Recently, the UK’s Competitions and Market Authority (CMA) published an important report. The CMA found a mixed picture. Profit persistence has increased as measured by markups over marginal costs and the return on capital but not when measured by profits before tax.

And the CMA also found that the more international competition there was, the less ability for firms to increase prices and mark-ups. “This highlights the important role that international trade plays in contributing to keeping UK markets competitive.” The BIS summed up this debate: “In product markets, the degree of competition comes into play. Firms with higher markups—an indication of greater market power—could raise prices when wages increase, while those without such pricing power may hesitate to do so. Strategic considerations in price-setting are also relevant. Firms may feel more comfortable raising prices if they believe their competitors will also do so. Price increases are more likely when demand is strong. With less concern about losing sales and less room to adjust profit margins, even firms with less pricing power could pass higher costs through to customers.”

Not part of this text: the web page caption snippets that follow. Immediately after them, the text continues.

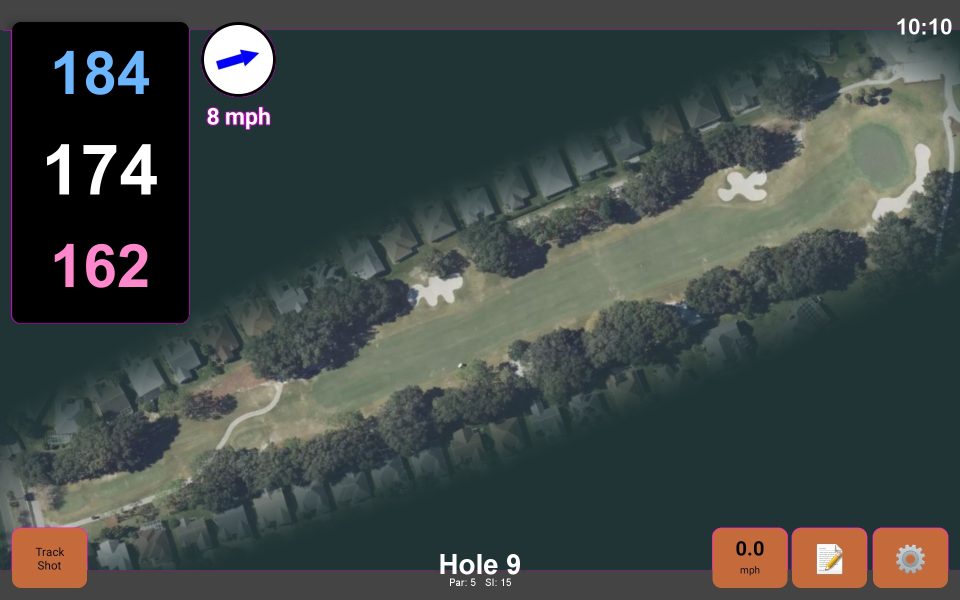 Hole preview 3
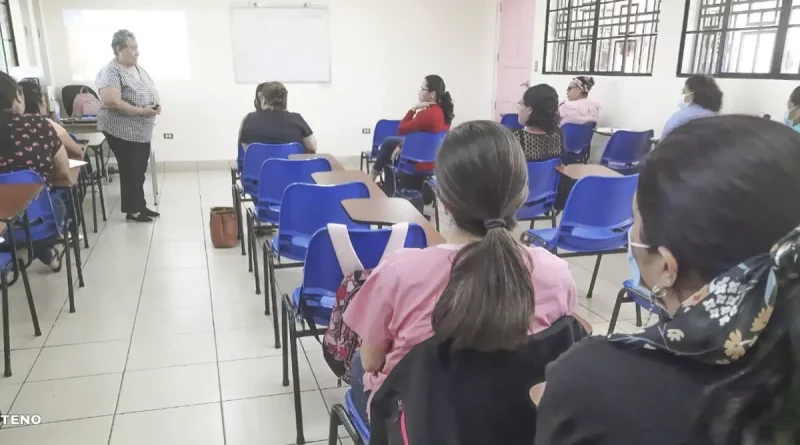 minsa, centro salud, manejo holistico,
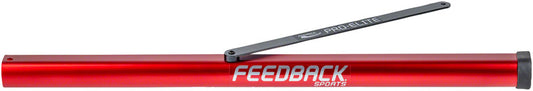 Feedback Sports Leg Assembly - Red D Shape Single Leg Replacement-Goodwynn's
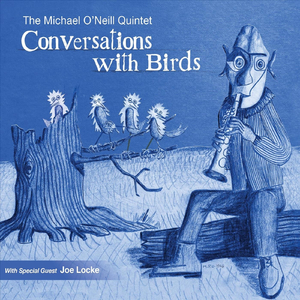 Sky Ring Cha Cha (feat. Joe Locke)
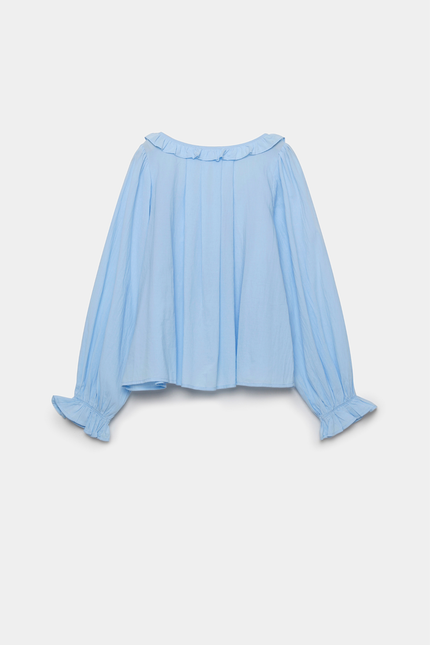 BLUSA ARMONIAS PREMIUM FLUIDO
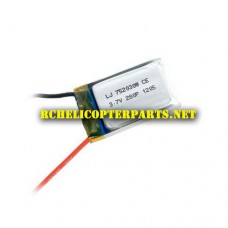 UFOx-05 Battery Parts for MOTA UFOx Large RC UFO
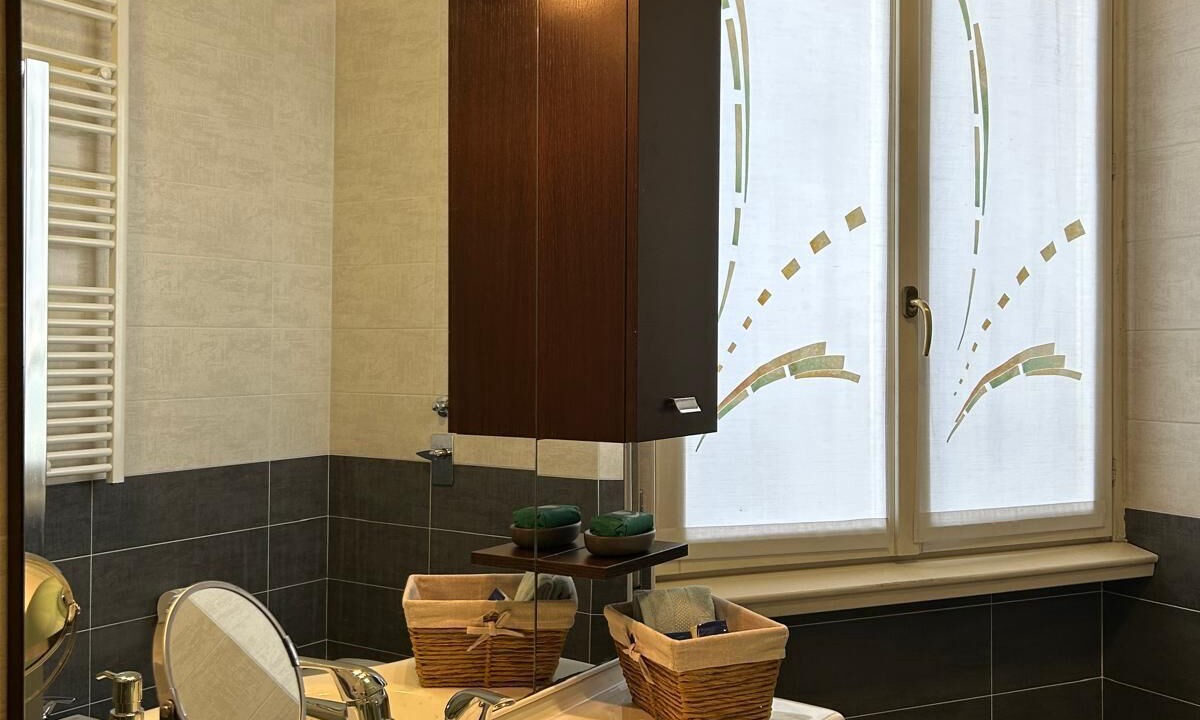 Photo of Bathroom in Crescenzago
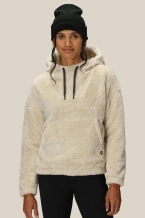Bluza Termoaktywna  686 Sherpa Hoody Limestone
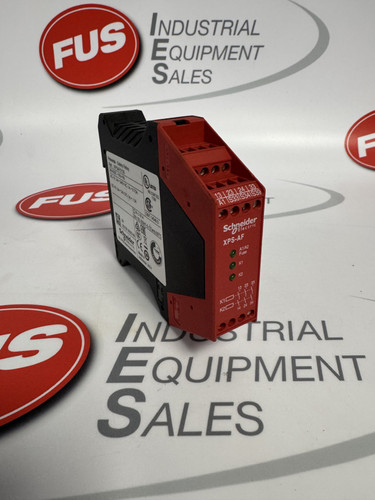 Schneider  High-quality industrial automation spare parts for machine maintenance and repair.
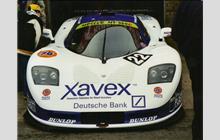 22 - Mosler MT900R - Rollcentre/Deutsche Bank Xavex/Dual Pumps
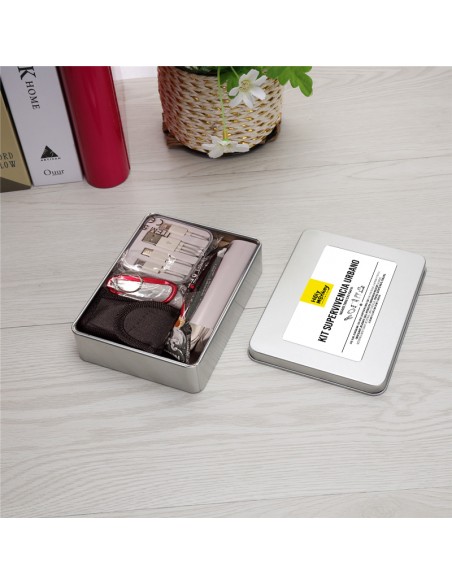 Kit Urbano Holey Monkey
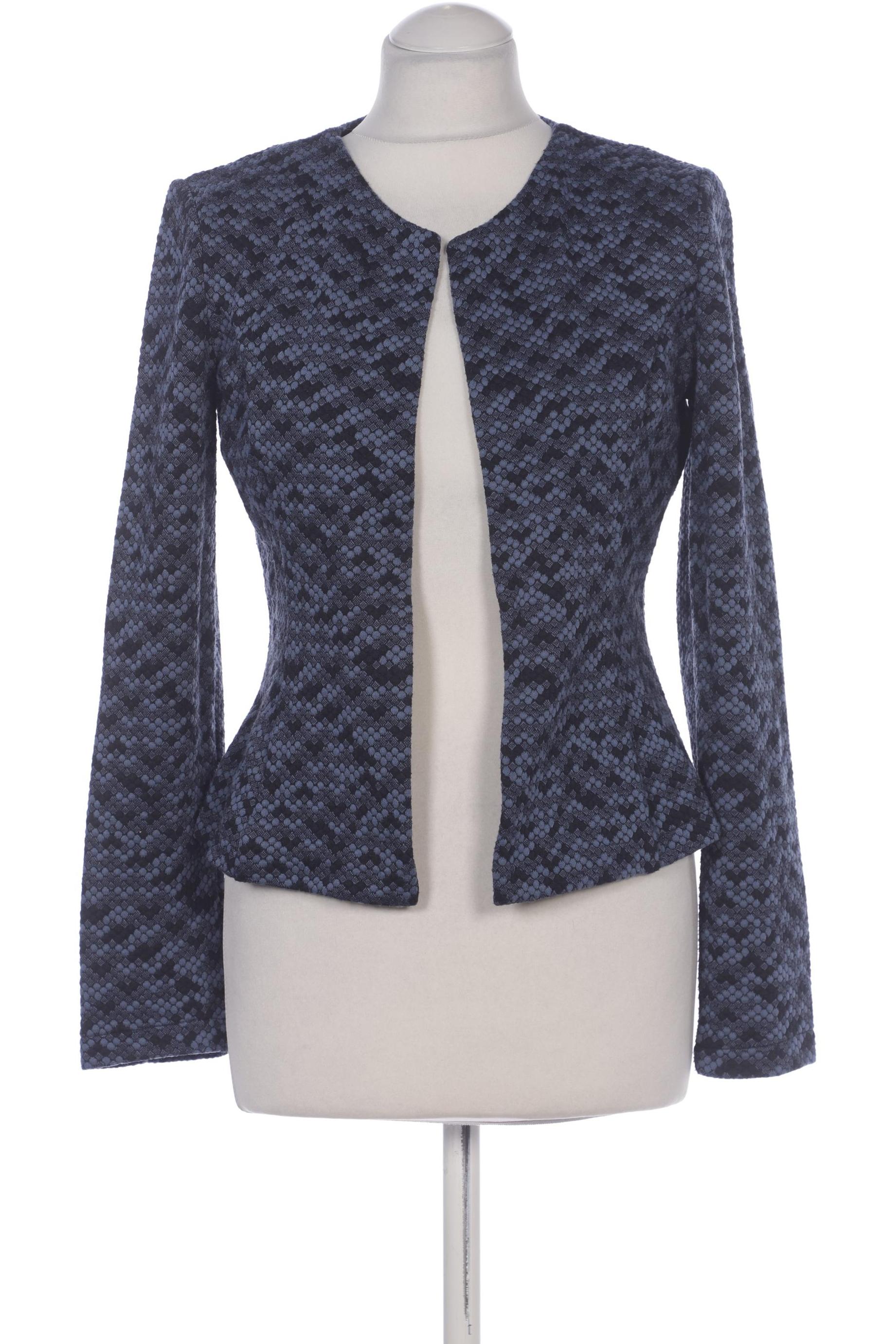 

Tom Tailor Damen Blazer, marineblau, Gr. 36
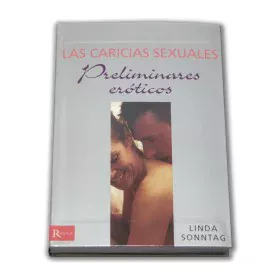 Lehrbuch für Erwachsene (Gesundheit, Sex, Sexualität) Divertysex Erotic Foreplay Spanisch von Divertysex, Sets - Ref: M040144...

As a partner at Bain & Company, an adviser to many corporations, argued, “when times are tough, screw your customers while the screwing is good!” The consultant went on: “I don’t think this is actually nefarious at all. Companies should charge what they can. Profit is the point of the whole exercise.”

Michael Roberts is a Marxist economist based in London, England. He is the author of several books including The Great Recession: A Marxist view (2009), The Long Depression (2016), and Marx 200: A Review of Marx’s Economics 200 Years After His Birth (2018).